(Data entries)
========================================

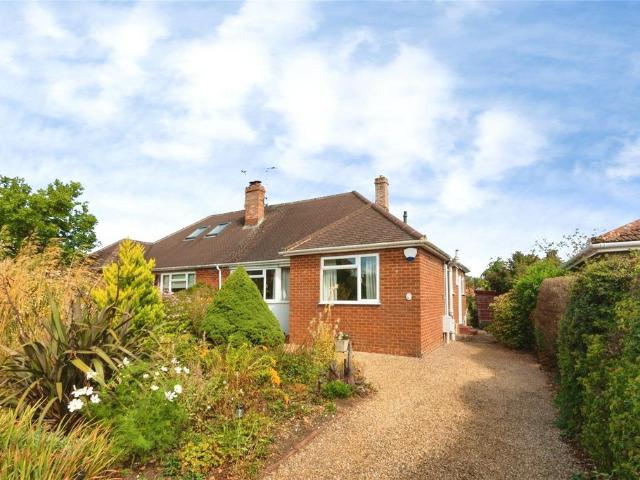 2 bedroom bungalow for sale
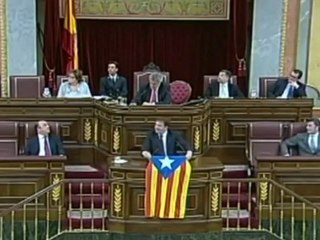 Un diputado de ERC saca la bandera independentista catalana en el Congreso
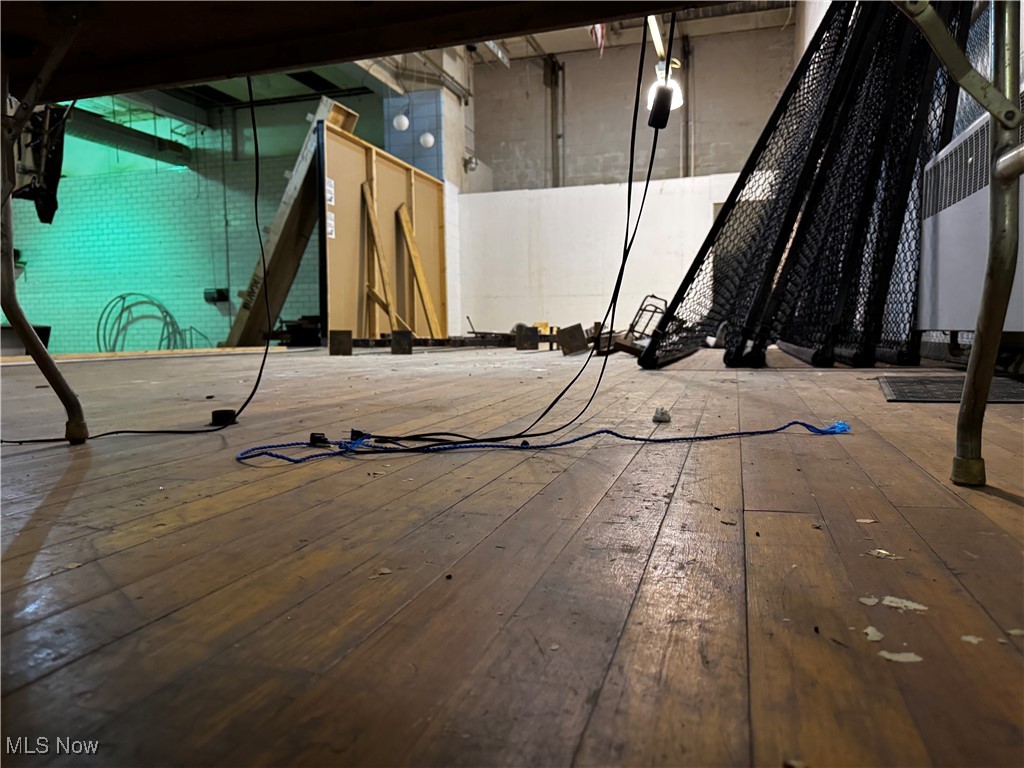 7412 Lawn Avenue Cleveland OH 44102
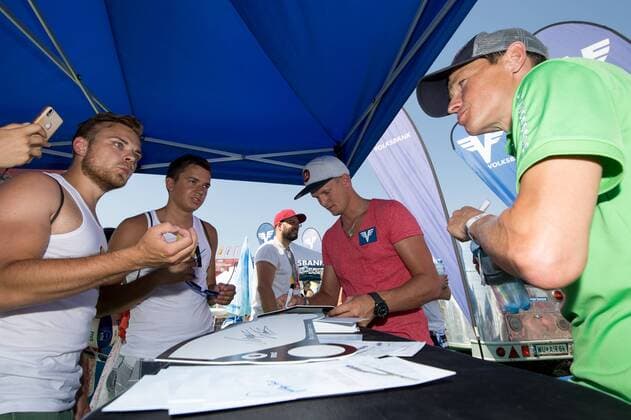 Beach volleyball Beachvolleyball - FIVB World Championships 2017 VIENNA,AUSTRIA,04.AUG.17 - BEACH VOLLEYBALL - FIVB World Championships. Image shows Thomas Morgenstern and Andreas Goldberger with fans at Volksbank stand. GEPAxpictures xMaticxKlansek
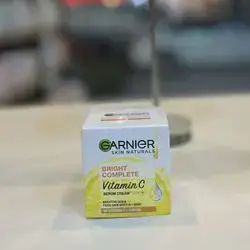 GARNIER SKIN NATURALS Vitamin C Serum Cream BRIGHT COMPLETE
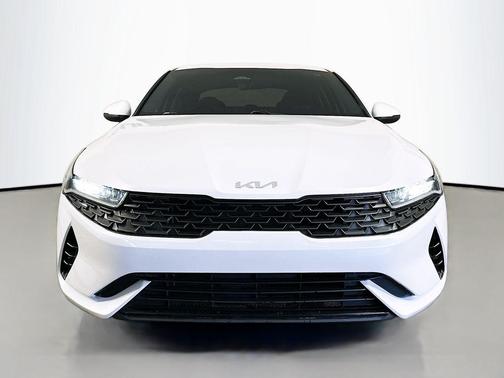 Glacial White Pearl 2022 Kia K5 LX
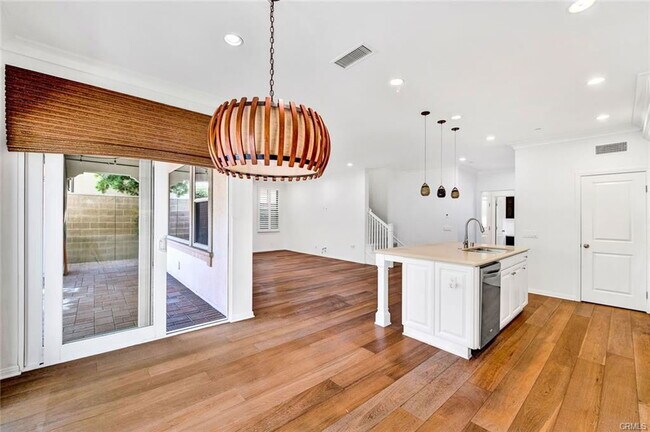 34 Somerton in Irvine, CA - Building Photo - Building Photo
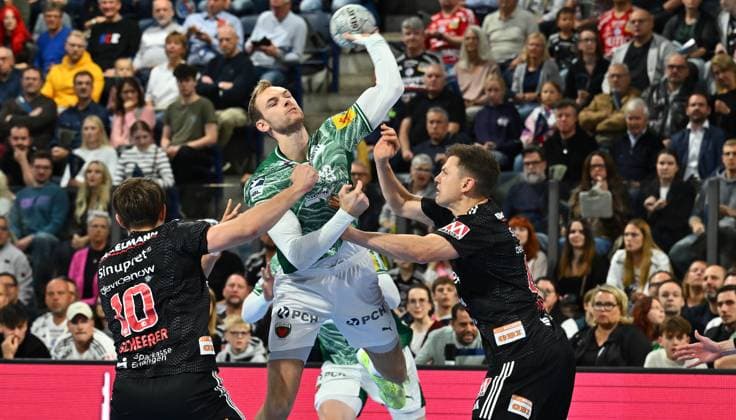 04.10.2025 - Handball - 1. Bundesliga DAIKIN HBL - Saison 2025 2026 - 07. Spieltag: HC Erlangen Metropolregion Nürnberg HCE - Füchse Berlin - - xwoxzix - Mathias Gidsel (19, Füchse Berlin ) gegen Florian Scheerer (10, HC Erlangen HCE ) Christoph Steinert ( 44, HC Erlangen HCE )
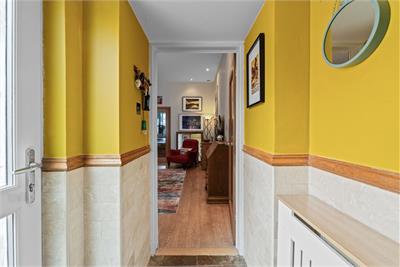 5 Cleikum Mill, Hall Street, Innerleithen, EH44 6QT - image 6
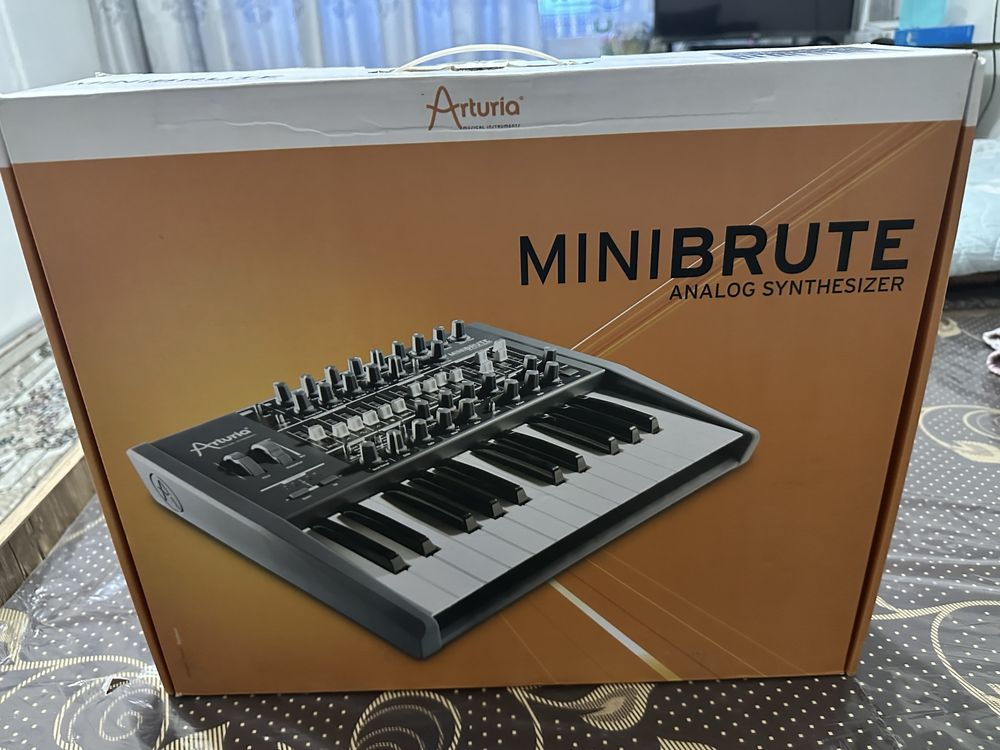 Arturia minibrute analog synthesizer mmmyyyuuuzzziiiiiiiiiiiiiiiiiiiii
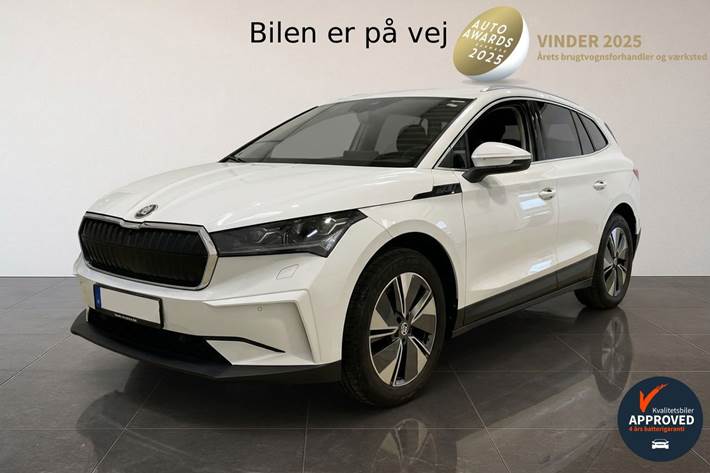 Hvid Skoda Enyaq fra 2023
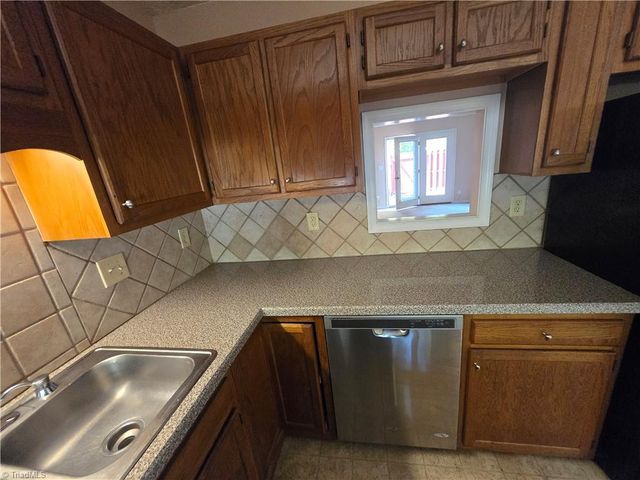 15 Collwood Court, Greensboro, NC 27409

========================================

#### TASK DESCRIPTION
Every record above should be set down exactly, with the pictures left out.

#### WORKED SOLUTION
 2 bedroom bungalow for sale
 Un diputado de ERC saca la bandera independentista catalana en el Congreso
 7412 Lawn Avenue Cleveland OH 44102
 Beach volleyball Beachvolleyball - FIVB World Championships 2017 VIENNA,AUSTRIA,04.AUG.17 - BEACH VOLLEYBALL - FIVB World Championships. Image shows Thomas Morgenstern and Andreas Goldberger with fans at Volksbank stand. GEPAxpictures xMaticxKlansek
 GARNIER SKIN NATURALS Vitamin C Serum Cream BRIGHT COMPLETE
 Glacial White Pearl 2022 Kia K5 LX
 34 Somerton in Irvine, CA - Building Photo - Building Photo
 04.10.2025 - Handball - 1. Bundesliga DAIKIN HBL - Saison 2025 2026 - 07. Spieltag: HC Erlangen Metropolregion Nürnberg HCE - Füchse Berlin - - xwoxzix - Mathias Gidsel (19, Füchse Berlin ) gegen Florian Scheerer (10, HC Erlangen HCE ) Christoph Steinert ( 44, HC Erlangen HCE )
 5 Cleikum Mill, Hall Street, Innerleithen, EH44 6QT - image 6
 Arturia minibrute analog synthesizer mmmyyyuuuzzziiiiiiiiiiiiiiiiiiiii
 Hvid Skoda Enyaq fra 2023
 15 Collwood Court, Greensboro, NC 27409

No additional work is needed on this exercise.